Adapted from The Improbabilty Principle: Why Coincidences, Miracles, and Rare Events Happen Every Day, by David J. Hand, by arrangement with Scientific American/Farrar, Straus and Giroux, LLC (North America), Transworld (UK), Ambo|Anthos (Holland), C.H. Beck (Germany), Companhia das Letras (Brazil), Grupa Wydawnicza Foksal (Poland), Locus Publishing Co. (Taiwan), AST (Russia). Copyright © 2014 by David J. Hand.

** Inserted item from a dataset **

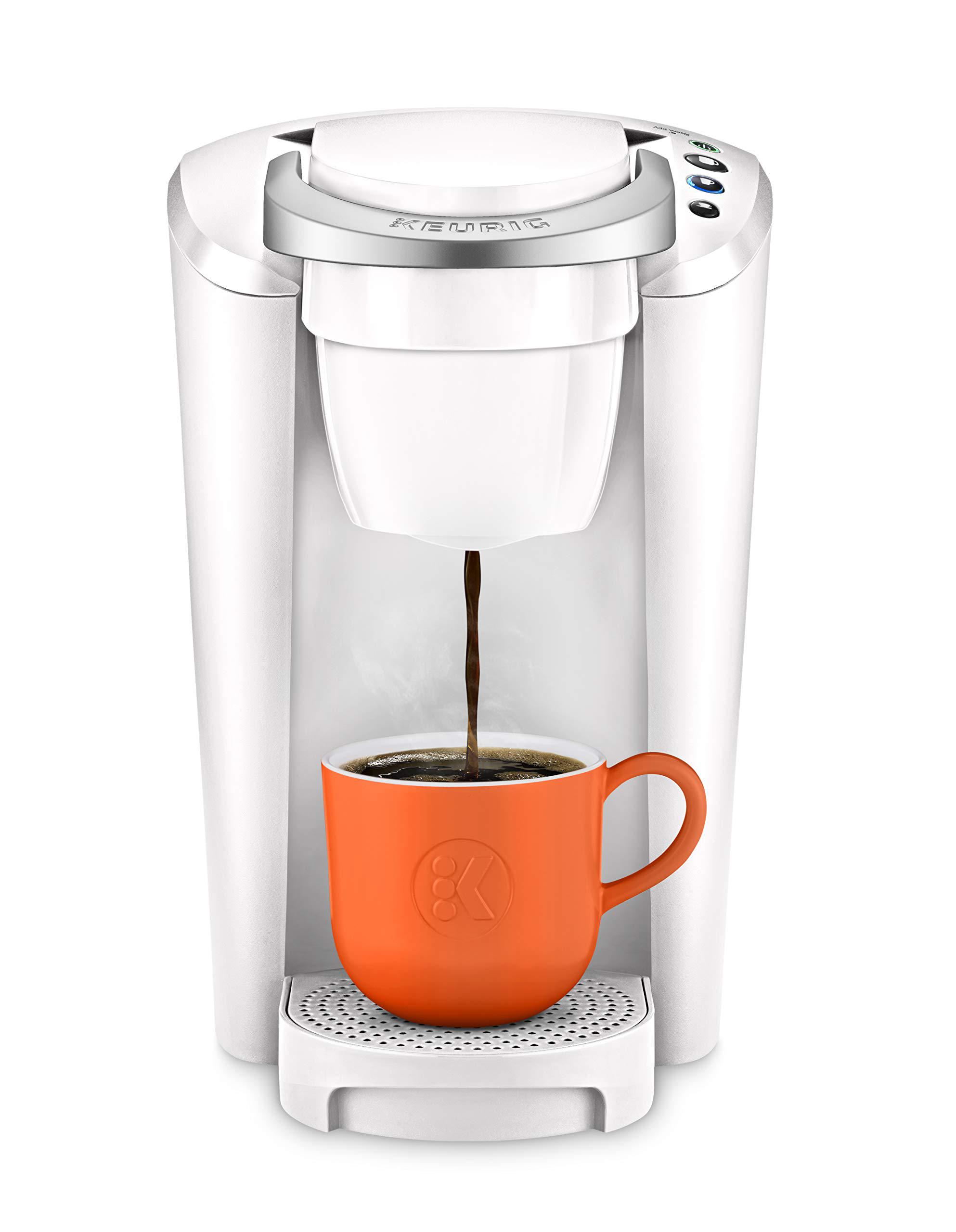 keurig k-compact single-serve k-cup pod coffee maker, white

A set of mathematical laws that I call the Improbability Principle tells us that we should not be surprised by coincidences. In fact, we should expect coincidences to happen. One of the key strands of the principle is the law of truly large numbers. This law says that given enough opportunities, we should expect a specified event to happen, no matter how unlikely it may be at each opportunity. Sometimes, though, when there are really many opportunities, it can look as if there are only relatively few. This misperception leads us to grossly underestimate the probability of an event: we think something is incredibly unlikely, when it's actually very likely, perhaps almost certain.

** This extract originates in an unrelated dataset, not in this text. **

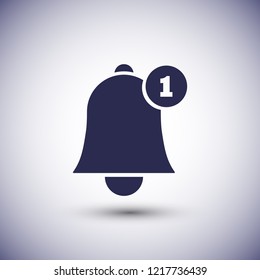 Bell 1 icon vector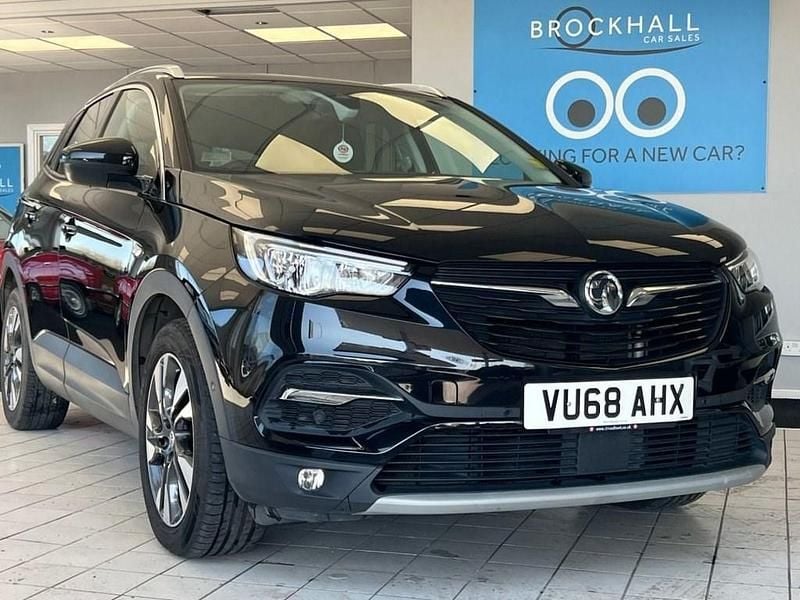 Black Used 2018 Vauxhall Grandland X Sport SUV | £8,795 (Fair price) - Image 1/4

How can a huge number of opportunities occur without people realizing they are there? The law of combinations, a related strand of the Improbability Principle, points the way. It says: the number of combinations of interacting elements increases exponentially with the number of elements. The “birthday problem” is a well-known example.
The birthday problem poses the following question: How many people must be in a room to make it more likely than not that two of them share the same birthday?
The answer is just 23. If there are 23 or more people in the room, then it's more likely than not that two will have the same birthday.
Now, if you haven't encountered the birthday problem before, this might strike you as surprising. Twenty-three might sound far too small a number. Perhaps you reasoned as follows: There's only a one-in-365 chance that any particular other person will have the same birthday as me. So there's a 364/365 chance that any particular person will have a different birthday from me. If there are n people in the room, with each of the other n − 1 having a probability of 364/365 of having a different birthday from me, then the probability that all n − 1 have a different birthday from me is 364/365 × 364/365 × 364/365 × 364/365 … × 364/365, with 364/365 multiplied together n − 1 times. If n is 23, this is 0.94.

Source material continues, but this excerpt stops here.